It's less important for hip-hop to have the dynamic range because the majority
of its emotional expressiveness comes from the words, rhythm, the way they
interact and the changes thereof. This is why having a great beats is so
important and so good producers attract a lot of attention (e.g. Neptunes,
Dre). Volume is not as important a factor. You really only need two levels of
dynamics: one for the verses, one for the chorus/hook.

On the other hand, I think changes in volume are more important for
expressiveness in rock music, for instance, in an unexpected bridge just when
you feel the song is about to end. Now, most bands these days seem to
compensate by having simpler dynamics, but I think it would be nice for them
to have more options.

Also, wouldn't it be easier to have a good mix now that we can do most of
these things on the computer instead of having to manually twiddle knobs and
overdub live?

------
Cunard2
Thanks so much for posting this. This is what I come here for.

------
rivo
I find it interesting that the author refers to record companies. It's almost
always the producers who make these kind of decisions. Most producers go with
the current trend in terms of sound. If a producer wants to give me an 80s
sound à la Bryan Adams, I'll go somewhere else. So it's the musicians as well.
Everyone wants to sound "modern". Currently, this means loudness (and
clipping, apparently).

------
dunk010
Really old, but it's a good one.

------
DanielBMarkham
Great article! Expect more "loudness wars" both in music, film, and other
technology. My favorite example of this is all of the program icons that
appear in your system tray, each with its own popup. It's just a visual
example of the audio problem.

------
artificer
Yes, this latest trend is pure craziness. Here is a relevant wikipedia
article:

<http://en.wikipedia.org/wiki/Loudness_war>

------
doki_pen
I would guess that clipping is being used to "even" out the volume, similar to
compression. Maybe the pop crowd perfers the clipping sound.

------
ahoyhere
There is always stuff like this going on in the music industry.

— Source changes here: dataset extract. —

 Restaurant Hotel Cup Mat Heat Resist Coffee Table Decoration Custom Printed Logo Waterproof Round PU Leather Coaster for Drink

Think of the old days when radio stations would play records at a higher speed
to be able to play more songs per hour.

It's not the "death" of anything. It's a cycle.

------
chiffonade
If you really care that much about dynamic range in music, learn to play a few
instruments yourself. Quit whining about shrink wrapped commercial products,
because they're never going to be up to the standards of a connoisseur.